Information provided section start

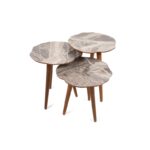 Βοηθητικά τραπεζάκια σαλονιού Tina γκρι άσπρη καρυδί μελαμίνη 41x39x47cm ed5388 - Image 5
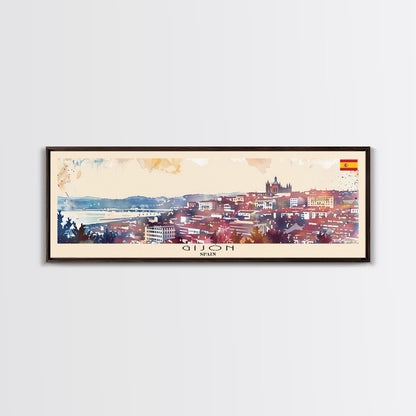 Gijón, Spanien – Kunstdruck für die Wand, Panorama-Stadtbild, Reisekunst, Wanddekoration, Urlaubsgeschenk, gerahmter Leinwanddruck oder Metallbild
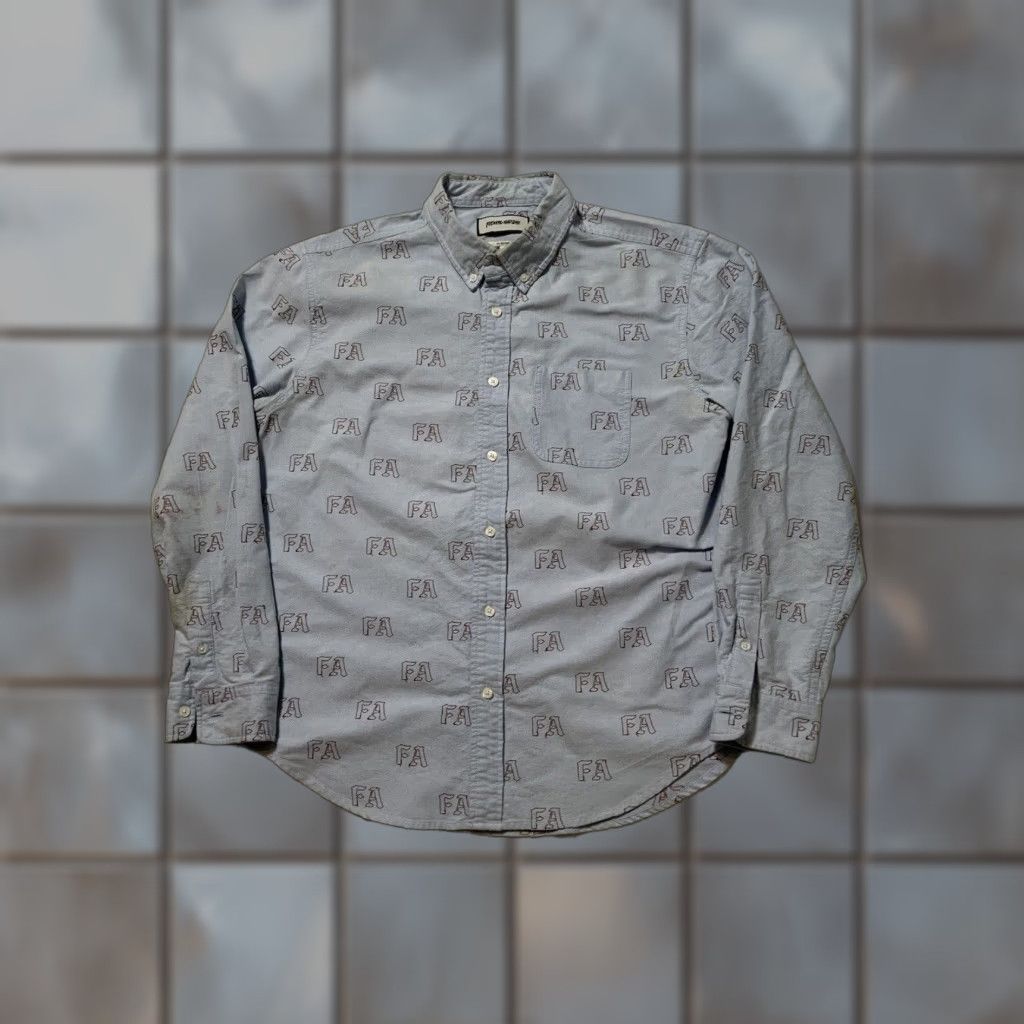Fucking Awesome FA Oxford Blue One Pocket Button Down L/S 18SS Shirt L Mens Blue Shirt Button-Up Long Sleeve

Information provided section end

Task instructions: A word-for-word reprint of the listing above is needed, minus the pictures.

Task answer:
 Βοηθητικά τραπεζάκια σαλονιού Tina γκρι άσπρη καρυδί μελαμίνη 41x39x47cm ed5388 - Image 5
 Gijón, Spanien – Kunstdruck für die Wand, Panorama-Stadtbild, Reisekunst, Wanddekoration, Urlaubsgeschenk, gerahmter Leinwanddruck oder Metallbild
Fucking Awesome FA Oxford Blue One Pocket Button Down L/S 18SS Shirt L Mens Blue Shirt Button-Up Long Sleeve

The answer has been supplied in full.